Eğer bir ilçede rejim güçleri varsa ve orayı kontrol ediyorsa bağımsız bir yönetimden bahsetmek doğru değil. Örneğin Batı Kürdistan’da bir memur maaşını rejim tarafından alıyorsa burada bağımsız bir yönetimden bahsetmek mümkün değil. Federasyon önemlidir. Federatif yapının kendi ekonomisini yaratması önemlidir. Federasyon için çalışılmalı ve bu konuda ısrar edilmelidir. Fakat eğer şimdiye kadar maaşlar Beşar Esad iktidarı tarafından verildiyse orada bağımsızlık olamaz. Örneğin siz bir öğretmen olarak sınıfa giriyorsunuz ve çocuklara bugün konumuz Ahmedê Xanî’dir, bu konuda ders yapacağız demeniz için bağımsızlığınız olmalı, geliriniz olmalı. Kendin yarattığın ve harcamalarda kullandığın gelirin olmalı. Ekonomik ve siyasi iktidar çok önemli ama maaşın devlet tarafından verilmesi başka bir şey. Güney Kürdistan için de bu böyle, örneğin Maliki ben yüzde 17’lik bütçeyi vermiyorum diyor. Bu durumda öz ekonomi oluşturulmalı, kendi ekonomisini kendisi yaratmalı ki Maliki’ye ihtiyaç duyulmasın.

Batı Kürdistan’nda üç kantonun oluşturulmasını nasıl değerlendiriyorsunuz, neden tek bir Kürdistan bölgesi değil?

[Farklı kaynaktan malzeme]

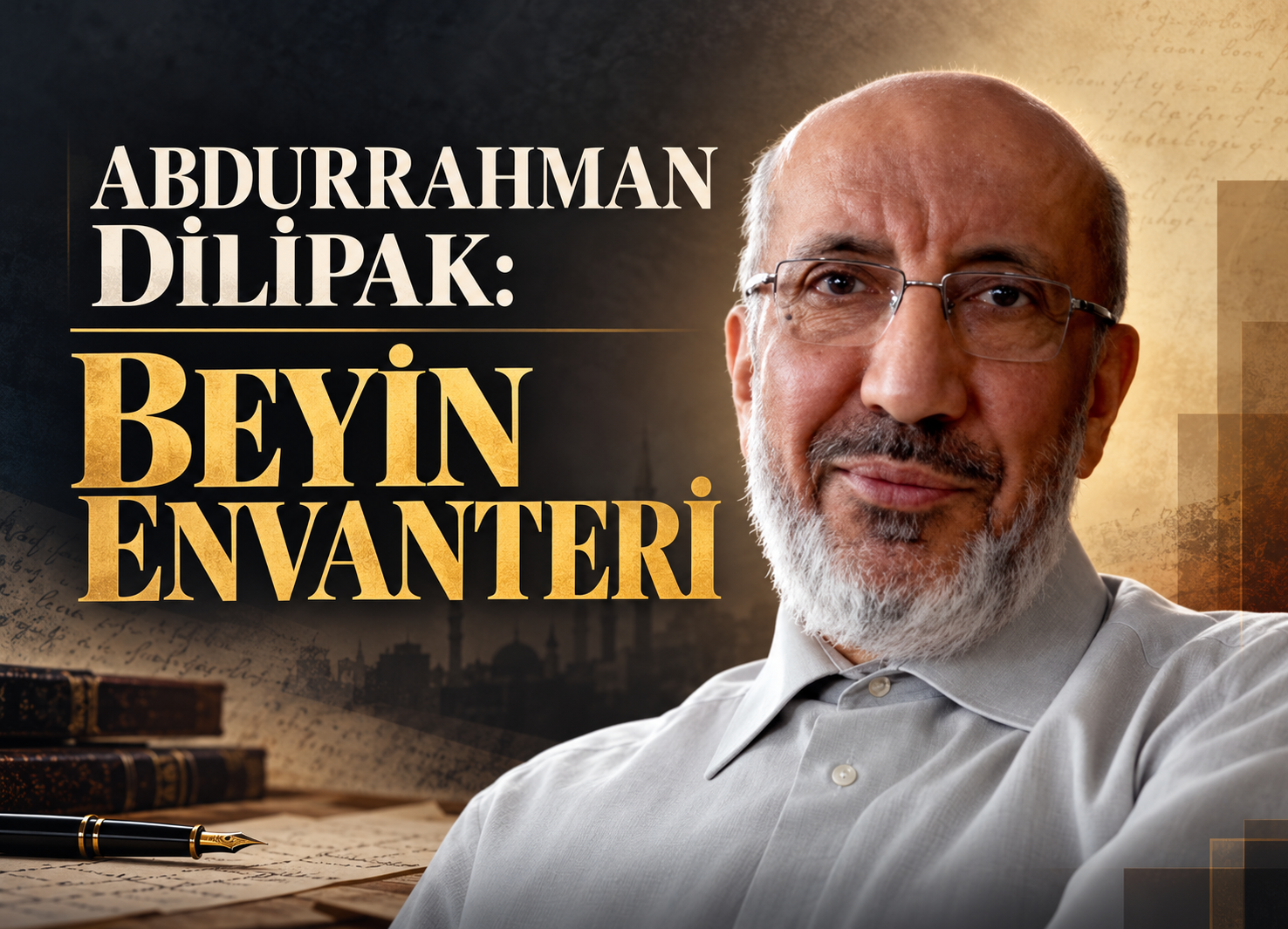 Abdurrahman Dilipak: Beyin envanteri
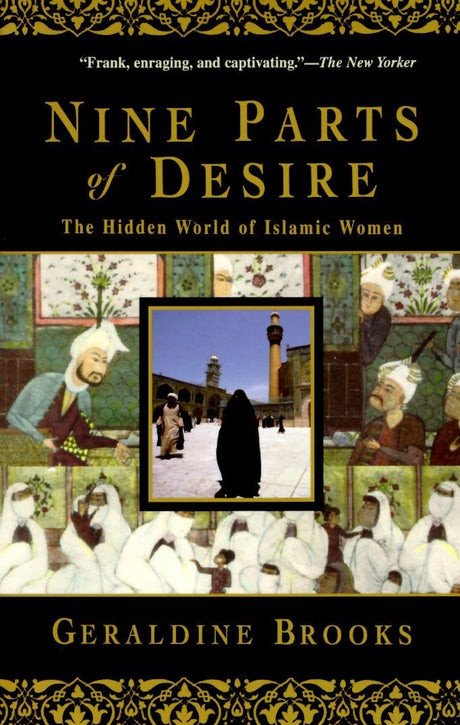 Nine Parts of Desire: The Hidden World of Islamic Women - Retail Maharaj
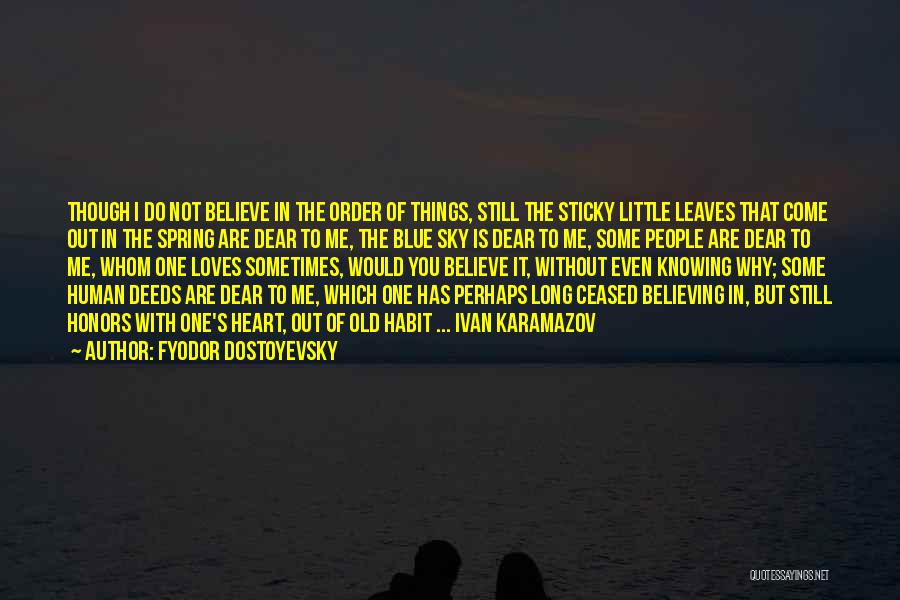 Fyodor Dostoyevsky Quotes: Though I Do Not Believe In The Order Of Things, Still The Sticky Little Leaves That Come Out In The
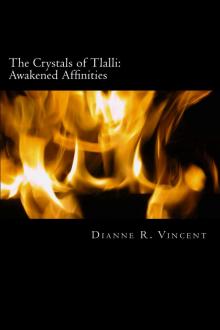      The Crystals of Tlalli: Awakened Affinities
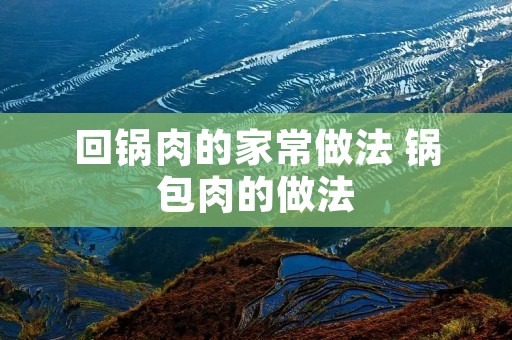 回锅肉的家常做法 锅包肉的做法 回锅肉的家常做法 锅包肉的做法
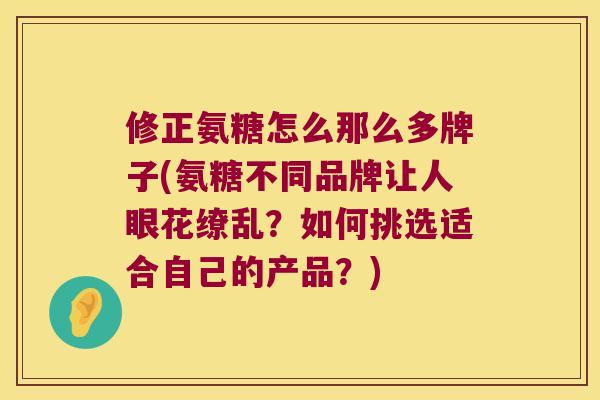 修正氨糖怎么那么多牌子(氨糖不同品牌让人眼花缭乱?如何挑选适合自己的产品?) 修正氨糖怎么那么多牌子(氨糖不同品牌让人眼花缭乱?如何挑选适合自己的产品?)
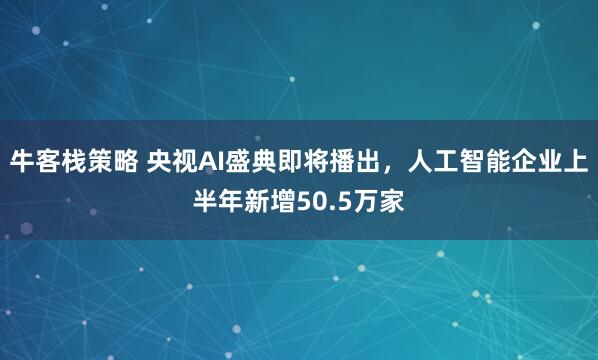 牛客栈策略 央视AI盛典即将播出，人工智能企业上半年新增50.5万家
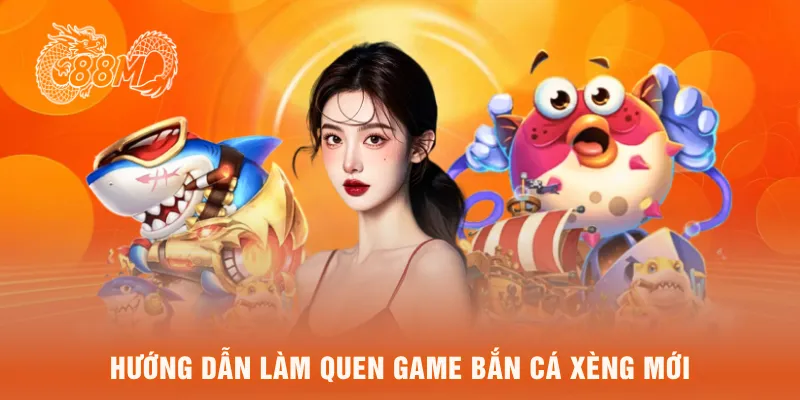 Hướng dẫn làm quen game bắn cá xèng mới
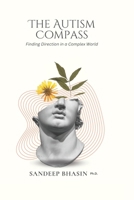 The Autism Compass: Finding Direction in a Complex World B0FR3G17NV Book Cover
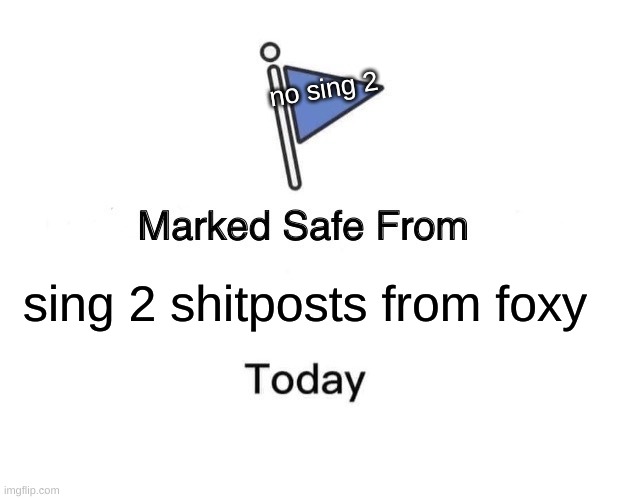 Marked Safe From Meme | no sing 2; sing 2 shitposts from foxy | image tagged in memes,marked safe from | made w/ Imgflip meme maker
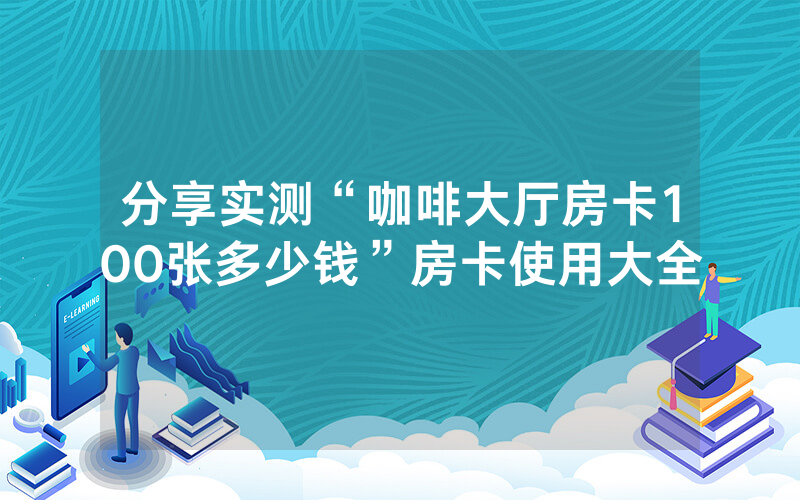 分享实测“咖啡大厅房卡100张多少钱”房卡使用大全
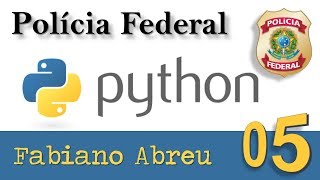 Aula 05 Python para Concursos  Polícia Federal  Fabiano Abreu [upl. by Anitsyrc]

1960’larda bu dönemin Cumhurbaşkanı Nureddin El-Attasi Kürdistan demografyasını bozmak için Kürdleri Suriye’nin Güneyi’ne sürdü. Irak’ta da aynı politika yürütüldü, Kürdler Kerkük ve ilçelerinden çıkartılıp yerlerine Araplar yerleştirildi. Amaç Kürdlerin azalmasıydı. Fakat Amerika’nın 2003’teki müdahalesi ile beraber durum değişti. Arapların eski yerlerine gönderilmesiyle Kürdler kendi bölgelerine yerleşti. Fakat şimdiye kadar Suriye’de böyle bir imkan oluşmadı. Kürdistan’ın korunması için federasyon önemlidir. Federasyon savunulduğunda da bütün Kürdleri kapsamasına dikkat edilmeli ve daha evvel Suriye’nin güneyine sürgün edilen Kürdlerin geri gelmesi için çalışmalar başlatılmalı. Aynı zamanda Kürd bölgelerine yerleşen Araplar da eski yerlerine gitmeleri için de çalışmalar başlatılmalı, bunlar çok önemli meseleler. Kürdistani düşünülmeli ve Kürdistani olmalı her şey. Kürdler şunu düşünmeliler nüfusları 40 milyonun üzerinde olmasına rağmen neden bir statüye sahip değiller, neden ilçelerinde nüfus sayımı yapılmıyor? Irak’ta, Suriye’de, Türkiye’de ve İran’da durum böyle. Kürd nüfusunun artmasından korktukları için sayım yapmak istemiyorlar. Örneğin Saddam Hüseyin döneminde Kerkük’te neden nüfus sayımı yapılmadı? Sebep Kürd nüfusundan korkmalarıdır. Bundan dolayı sayım yapmak istemiyorlar. Yani eğer sağlıklı bir nüfus sayımı yapılırsa Kürd nüfusu resmi olarak ortaya çıkacak.

Kürdistan’ın korunması konusunda ne düşünüyorsunuz?

En önemlisi Kürd ve Kürdistan’ın savunulmasıdır ve böyle bir yapı üzerinde politika yürütülmeli. Şunun üzerinde durmalı. Neden Türk, Fars ve Araplara karşı fazla bir nüfusa sahip olmalarına rağmen Kürdlerin bir statüsü yok, eğer bu konu üzerinde yoğunlaşılırsa daha iyi olur. Çalışmalar bu yönde ilerlerse iyi olur. Bence böyle bir politika yürütülmeli ki başarılı olsun.